Dr. Martin Luther King Jr. was a civil rights leader slain on April 4, 1968. (AFRO File Photo)

Preparations for one of the nation’s oldest and continuous processions dedicated to the memory of slain civil rights leader Dr. Martin Luther King Jr., are under way and event leaders are urging residents to get involved.

The 10th Annual Martin Luther King Jr. Peace Walk & Parade is scheduled to take place on Jan. 18 on Martin Luther King Jr. Avenue, S.E. The walk will begin at the 11 a.m. at the parking lot next to the headquarters of the United Black Fund and the parade will begin at 12 p.m. on the campus of St. Elizabeths East, with the viewing stand at the Living Word Church and the final destination at Leckie Elementary School located at 4201 Martin Luther King Jr. Ave SW.

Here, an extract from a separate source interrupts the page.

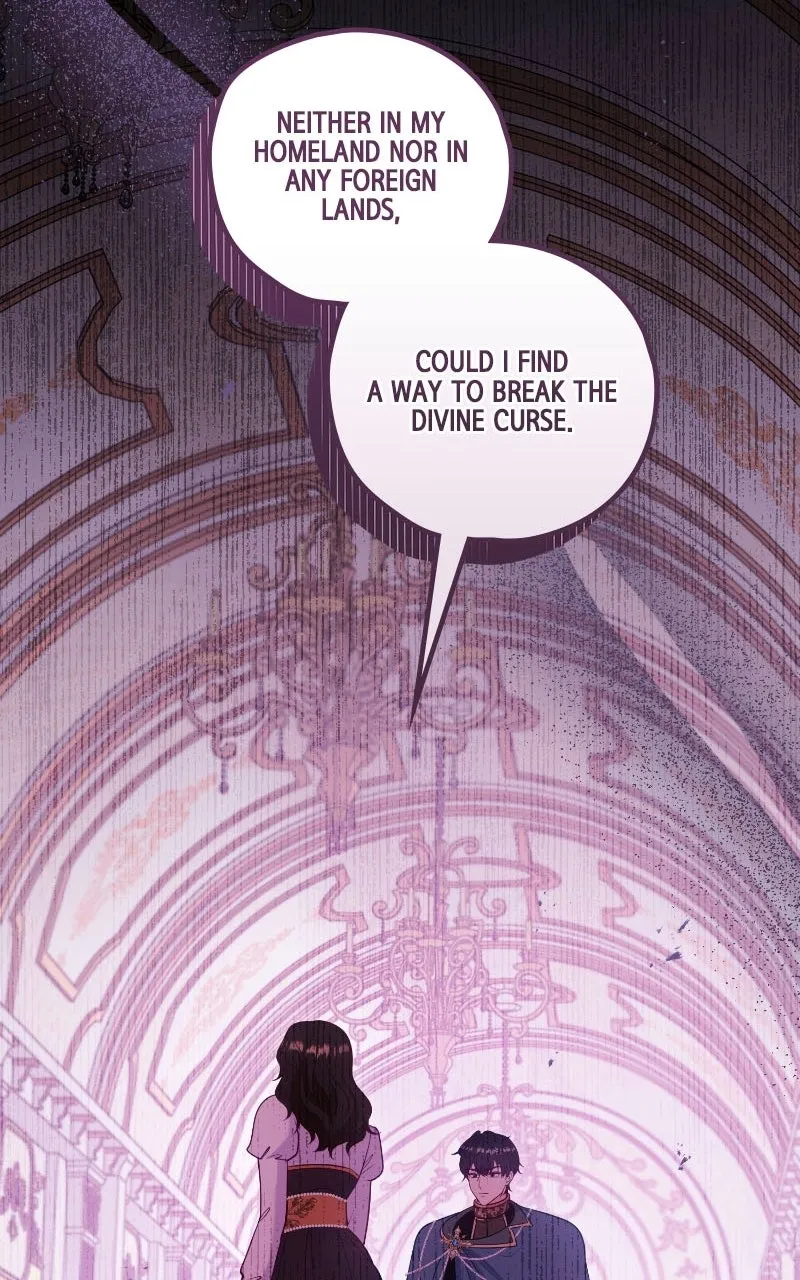 The Murdered Princess andthe Innocent Traitor Chapter 63 page 116 -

Individuals and organizations interested in participating in the event can attend Saturday meetings until the day of the event at the R.I.S.E. Demonstration Center on the campus of St. Elizabeths East. Specifics of the peace walk and parade will be discussed and applications from organizations interested in participating are being accepted.

Stuart Anderson, a Ward 8 political and civic activist, serves as co-chair and logistics coordinator, and is encouraging representatives from District organizations to come to the meetings and work to make the event a success.  He said he expects 1,500-1,600 participants this year with thousands of people lining up along the avenue to observe the floats, marching bands, and dignitaries.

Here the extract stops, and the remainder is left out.